Recuerdo cuando con catorce o quince años, para mis amigas y para mí, ir a la playa era la única salida que teníamos durante el verano y la única posibilidad que había para vernos y hablar de nuestras cosas. Quedábamos dos o tres veces a la semana, en un punto concreto y a la misma hora. La confianza entre nosotras nos aseguraba que íbamos a estar en el lugar acordado, sin llamadas previas ni miles de wasap para confirmarlo. Teníamos que bajar en guagua y nos sentíamos adultas con la mochila en la espalda y sin la supervisión de los padres. Lo que queríamos era coger sol, tostarnos. Nos embadurnábamos el cuerpo con un bronceador gelatinoso de zanahoria que venía en un bote de cristal. La zanahoria potenciaba el moreno. Para acelerar el proceso usábamos aceite infantil con el que brillábamos. Casi competíamos a ver cuál era la que más se bronceaba. Cogíamos tanto sol, que por la noche no podíamos dormir ni dar vueltas en la cama por las quemaduras en la piel. Algunas veces teníamos que acudir al remedio de la abuela y nos echábamos leche fría para refrescarnos y evitar que salieran ampollas. La piel se levantaba en tiras, pero nosotras adorábamos coger sol y bajar a la playa dos o tres veces a la semana. No queríamos que llegara el final del verano porque ya no podíamos volver a la playa, y el moreno desparecería a las pocas semanas arrastrado por la aspereza de la toalla. 

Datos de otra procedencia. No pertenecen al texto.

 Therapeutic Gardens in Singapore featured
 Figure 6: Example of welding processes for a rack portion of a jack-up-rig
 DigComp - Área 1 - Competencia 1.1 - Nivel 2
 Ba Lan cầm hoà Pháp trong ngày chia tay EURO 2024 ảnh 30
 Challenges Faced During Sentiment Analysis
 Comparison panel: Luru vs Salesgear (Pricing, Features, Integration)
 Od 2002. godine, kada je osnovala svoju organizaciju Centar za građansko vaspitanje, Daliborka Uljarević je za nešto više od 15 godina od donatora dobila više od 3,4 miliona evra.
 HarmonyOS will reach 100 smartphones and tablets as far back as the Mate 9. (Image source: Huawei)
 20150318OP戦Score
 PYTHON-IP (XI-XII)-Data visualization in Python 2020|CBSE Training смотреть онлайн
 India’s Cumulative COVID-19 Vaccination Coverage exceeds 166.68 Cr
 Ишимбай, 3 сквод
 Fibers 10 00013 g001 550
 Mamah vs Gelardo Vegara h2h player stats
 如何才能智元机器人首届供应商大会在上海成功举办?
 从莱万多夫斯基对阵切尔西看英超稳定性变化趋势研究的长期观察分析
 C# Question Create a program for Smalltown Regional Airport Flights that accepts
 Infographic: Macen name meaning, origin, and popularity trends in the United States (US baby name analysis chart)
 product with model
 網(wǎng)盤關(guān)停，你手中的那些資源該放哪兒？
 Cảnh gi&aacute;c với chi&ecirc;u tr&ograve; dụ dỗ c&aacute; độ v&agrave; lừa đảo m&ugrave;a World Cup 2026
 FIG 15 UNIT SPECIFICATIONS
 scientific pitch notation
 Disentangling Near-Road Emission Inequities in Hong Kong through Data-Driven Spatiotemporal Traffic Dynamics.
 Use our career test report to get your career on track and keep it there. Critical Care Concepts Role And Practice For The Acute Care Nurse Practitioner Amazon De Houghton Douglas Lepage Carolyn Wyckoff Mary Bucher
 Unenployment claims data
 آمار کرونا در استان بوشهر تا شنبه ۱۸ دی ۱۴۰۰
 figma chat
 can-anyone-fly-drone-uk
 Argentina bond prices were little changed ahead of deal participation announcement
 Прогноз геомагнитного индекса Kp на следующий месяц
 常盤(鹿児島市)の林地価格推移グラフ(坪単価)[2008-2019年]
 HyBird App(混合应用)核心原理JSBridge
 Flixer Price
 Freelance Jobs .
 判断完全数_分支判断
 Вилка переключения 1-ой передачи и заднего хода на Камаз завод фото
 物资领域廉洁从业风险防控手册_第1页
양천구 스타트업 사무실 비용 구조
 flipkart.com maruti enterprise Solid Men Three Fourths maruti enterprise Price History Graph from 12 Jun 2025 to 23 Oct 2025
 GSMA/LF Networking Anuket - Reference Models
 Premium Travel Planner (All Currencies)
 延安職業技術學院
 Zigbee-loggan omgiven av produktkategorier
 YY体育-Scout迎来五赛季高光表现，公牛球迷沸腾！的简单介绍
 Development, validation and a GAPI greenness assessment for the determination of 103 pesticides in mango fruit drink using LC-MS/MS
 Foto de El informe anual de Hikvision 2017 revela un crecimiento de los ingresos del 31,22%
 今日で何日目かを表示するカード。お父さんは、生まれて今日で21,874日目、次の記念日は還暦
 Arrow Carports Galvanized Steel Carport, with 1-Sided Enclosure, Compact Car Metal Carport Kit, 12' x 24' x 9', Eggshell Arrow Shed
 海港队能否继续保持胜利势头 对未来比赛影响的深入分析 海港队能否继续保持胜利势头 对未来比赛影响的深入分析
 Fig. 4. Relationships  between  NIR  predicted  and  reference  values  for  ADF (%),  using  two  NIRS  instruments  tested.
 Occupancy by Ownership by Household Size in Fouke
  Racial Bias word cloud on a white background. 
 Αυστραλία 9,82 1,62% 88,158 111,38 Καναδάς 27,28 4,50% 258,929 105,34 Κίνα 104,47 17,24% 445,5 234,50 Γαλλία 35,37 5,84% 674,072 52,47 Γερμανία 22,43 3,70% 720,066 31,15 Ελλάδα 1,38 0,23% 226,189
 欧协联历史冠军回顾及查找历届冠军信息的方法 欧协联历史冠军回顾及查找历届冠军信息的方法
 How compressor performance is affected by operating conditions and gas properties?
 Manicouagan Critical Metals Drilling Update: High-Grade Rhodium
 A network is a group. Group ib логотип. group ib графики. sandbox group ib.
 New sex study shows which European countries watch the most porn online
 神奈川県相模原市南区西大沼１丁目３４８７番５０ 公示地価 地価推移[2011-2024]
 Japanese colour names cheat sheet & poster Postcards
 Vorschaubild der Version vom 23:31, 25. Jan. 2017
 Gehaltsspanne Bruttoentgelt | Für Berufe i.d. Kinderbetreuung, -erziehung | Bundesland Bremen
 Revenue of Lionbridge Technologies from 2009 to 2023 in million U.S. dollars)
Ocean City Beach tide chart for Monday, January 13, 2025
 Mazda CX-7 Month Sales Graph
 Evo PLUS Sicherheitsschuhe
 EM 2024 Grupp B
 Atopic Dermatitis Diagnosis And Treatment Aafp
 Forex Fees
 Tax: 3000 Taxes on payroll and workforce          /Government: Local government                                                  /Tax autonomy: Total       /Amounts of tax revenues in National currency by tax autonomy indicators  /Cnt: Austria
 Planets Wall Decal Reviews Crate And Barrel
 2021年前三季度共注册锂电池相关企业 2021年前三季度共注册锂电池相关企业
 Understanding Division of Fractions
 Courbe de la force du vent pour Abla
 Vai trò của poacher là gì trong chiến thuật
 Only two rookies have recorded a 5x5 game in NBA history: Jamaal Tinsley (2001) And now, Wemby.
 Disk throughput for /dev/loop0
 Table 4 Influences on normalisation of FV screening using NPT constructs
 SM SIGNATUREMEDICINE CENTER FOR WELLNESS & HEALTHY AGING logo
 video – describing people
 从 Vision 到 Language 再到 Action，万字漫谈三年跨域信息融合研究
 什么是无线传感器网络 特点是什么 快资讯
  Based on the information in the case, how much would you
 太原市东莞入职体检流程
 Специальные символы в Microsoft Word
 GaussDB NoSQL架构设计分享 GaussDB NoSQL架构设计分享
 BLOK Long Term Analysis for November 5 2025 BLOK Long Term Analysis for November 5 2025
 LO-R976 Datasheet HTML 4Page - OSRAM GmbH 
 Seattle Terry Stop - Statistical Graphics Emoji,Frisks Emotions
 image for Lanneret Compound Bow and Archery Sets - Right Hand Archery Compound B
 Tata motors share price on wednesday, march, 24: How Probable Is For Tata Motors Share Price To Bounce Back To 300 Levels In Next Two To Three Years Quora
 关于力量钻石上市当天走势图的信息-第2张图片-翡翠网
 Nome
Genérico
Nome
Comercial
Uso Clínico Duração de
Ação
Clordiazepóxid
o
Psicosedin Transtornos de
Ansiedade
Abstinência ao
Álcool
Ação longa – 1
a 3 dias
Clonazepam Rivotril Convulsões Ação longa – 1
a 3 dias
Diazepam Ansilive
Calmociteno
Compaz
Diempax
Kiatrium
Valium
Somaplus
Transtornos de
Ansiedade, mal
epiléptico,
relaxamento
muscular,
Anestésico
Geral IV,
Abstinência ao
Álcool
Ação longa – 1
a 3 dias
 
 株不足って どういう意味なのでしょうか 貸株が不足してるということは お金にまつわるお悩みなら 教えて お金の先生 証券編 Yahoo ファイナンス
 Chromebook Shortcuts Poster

Todo ese sol está fijado en la memoria de mi piel porque ahora tengo que tener cuidado para no quemarme. Pero no soy como esa chica que me contó que huye de la playa, del bullicio, de la arena pegajosa. El mar lo cura todo, te salva y, a veces te responde, como si supiera lo que estás sintiendo en cada momento. Cuando la marea está baja la playa se convierte en un escenario que te hace sentir chiquitita delante del espectáculo natural que te ofrece. Amanecer en la playa. Atardecer con el olor a salitre. Anochecer enamorándote de las olas. La sensación que te produce no envejece, no cambia, permanece inalterable delante del sol y de la sal. Y, muchas veces, cuando paseo por la playa me sigo acordando de esas adolescentes que soñaban en la orilla y que competían por ponerse morenas, despreocupándose del daño que estaban haciéndole a la piel. La mayoría de las manchas que tengo en el cuerpo son de esa época, cuando la inocencia no veía los problemas que vendrían después. El mar también reconoce que aquel tiempo fue otro.